Meanwhile, more and more information keeps surfacing on the huge potential agriculture has towards climate and natural resource restoration. But both farmers and wild nature are vulnerable, and like any good partnership, the union can truly sustain itself when each partner receives ongoing symbiotic support from the other -- each helping the other to continue to thrive. This article focuses on how eco-farmers are affected by growing desires and expectations to support eco-systems while earning a living at the same time, along with how I’ve seen an organization called Wild Farm Alliance assist them.

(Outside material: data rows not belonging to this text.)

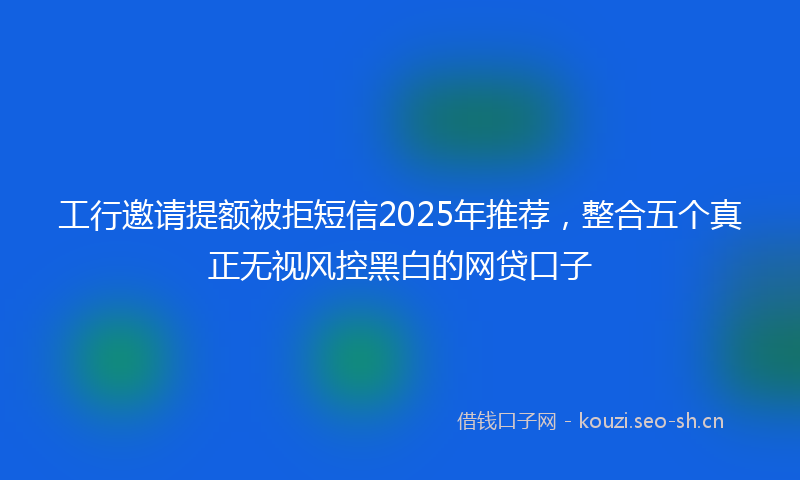 工行邀请提额被拒短信2025年推荐，整合五个真正无视风控黑白的网贷口子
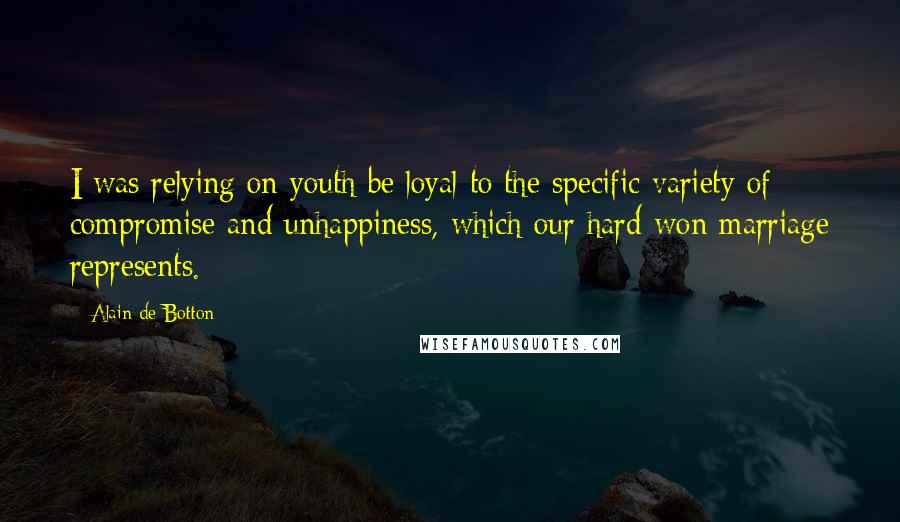 Alain De Botton Quotes: I was relying on youth be loyal to the specific variety of compromise and unhappiness, which our hard-won marriage represents.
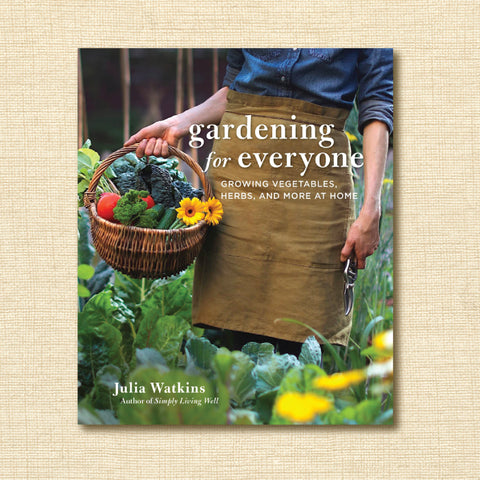 Gardening For Everyone: Growing Vegetables, Herbs, and More at Home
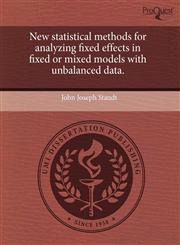 New statistical methods for analyzing fixed effects in fixed or mixed models with unbalanced data.,1243869569,9781243869562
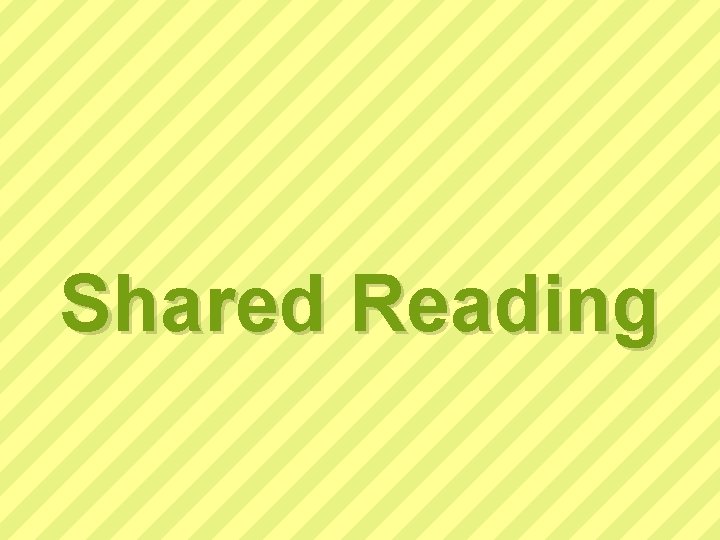 Shared Reading 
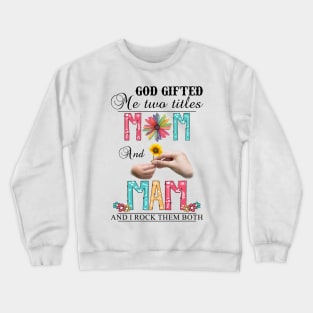 Vintage God Gifted Me Two Titles Mom And Mam Wildflower Hands Flower Happy Mothers Day Crewneck Sweatshirt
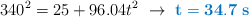 340^2 = 25 + 96.04t^2\ \to\ \color[RGB]{0,112,192}{\bf t = 34.7\ s}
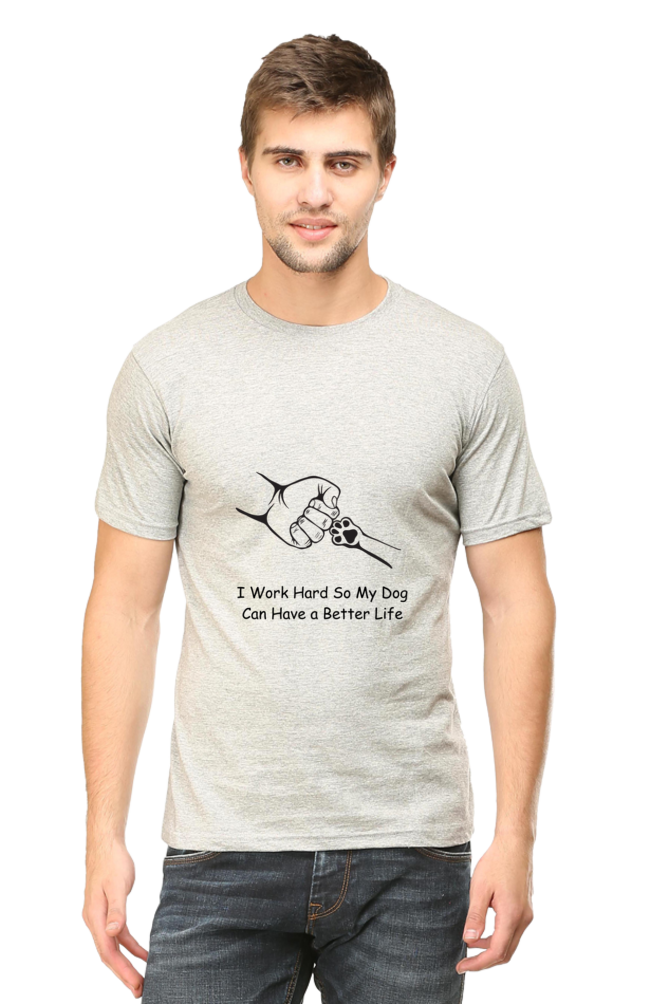 I work hard for my Dog  Unisex Classic T-Shirt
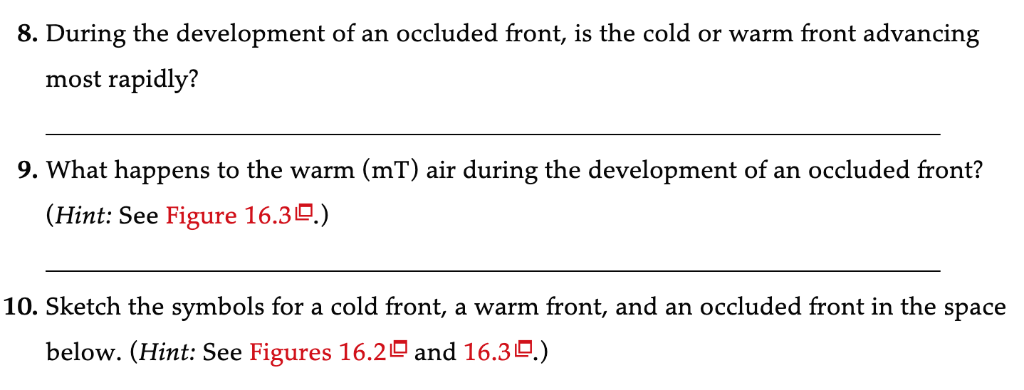 8. During the development of an occluded front, is the cold or warm front advancing most rapidly? 9. What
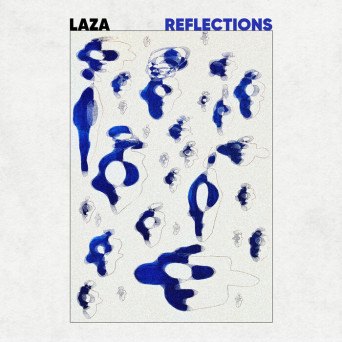 Laza – Reflections EP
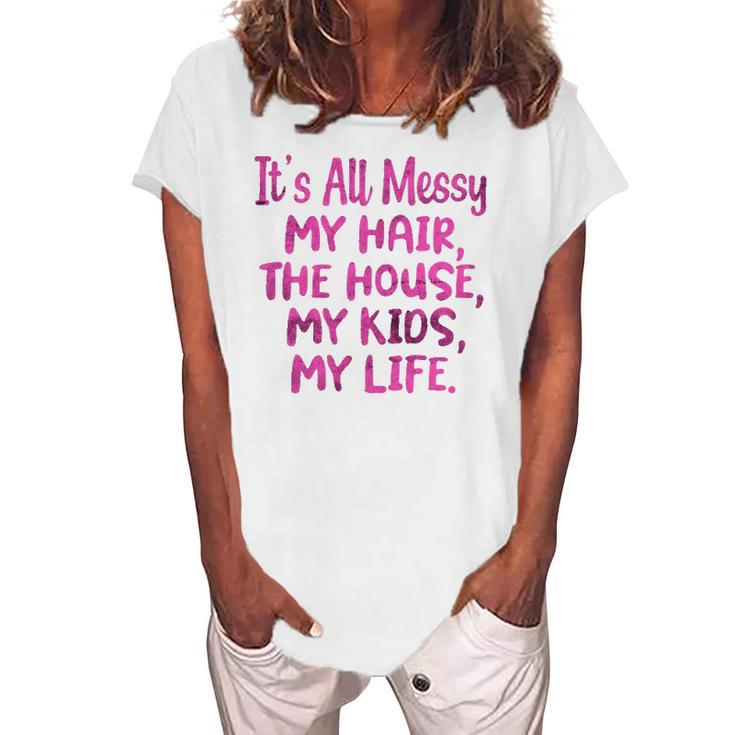 Its All Messy My Hair The House My Kids Parenting Women's Loosen T-Shirt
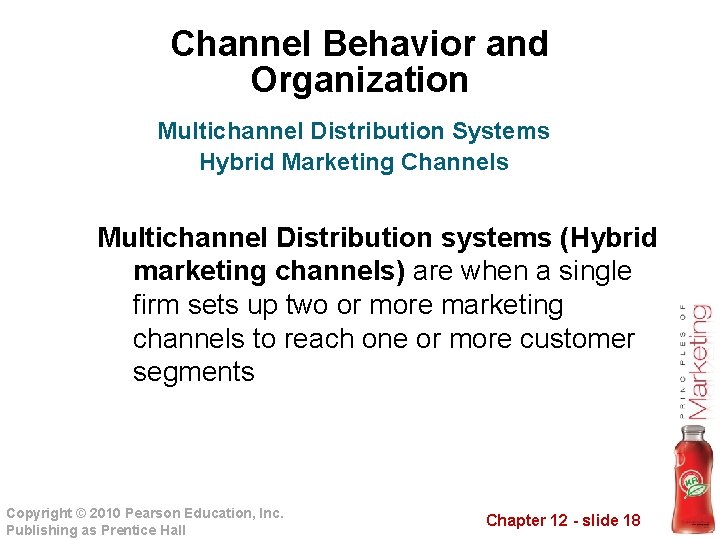 Channel Behavior and Organization Multichannel Distribution Systems Hybrid Marketing Channels Multichannel Distribution systems (Hybrid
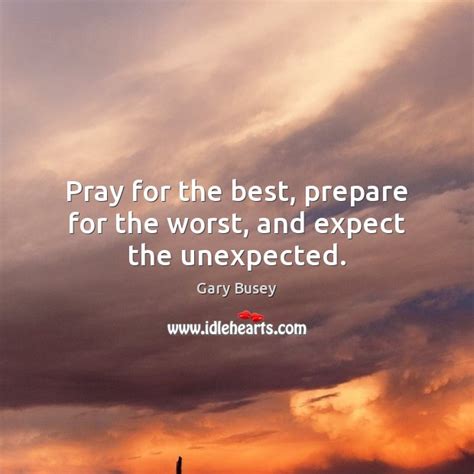 Pray For The Best Prepare For The Worst And Expect The Unexpected
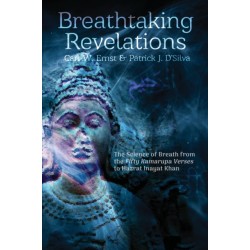 Breathtaking Revelations: The Science of Breath from the “Fifty Kamarupa Verses” to Hazrat Inayat Khan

Even if it initially appears a future farm and wild nature partnership would be symbiotic eventually, the transition time to reach that state needs to be financially and labor-wise doable. Farms can’t support nature if they go out of business in their attempts to do so, so therefore sell out to development or corporate agriculture. And because consumer demand fuels the farm with its financial support and policy voting, consumer understanding of the process farms must go through to reach and maintain higher states of sustainable regeneration is also intrinsic to the partnership.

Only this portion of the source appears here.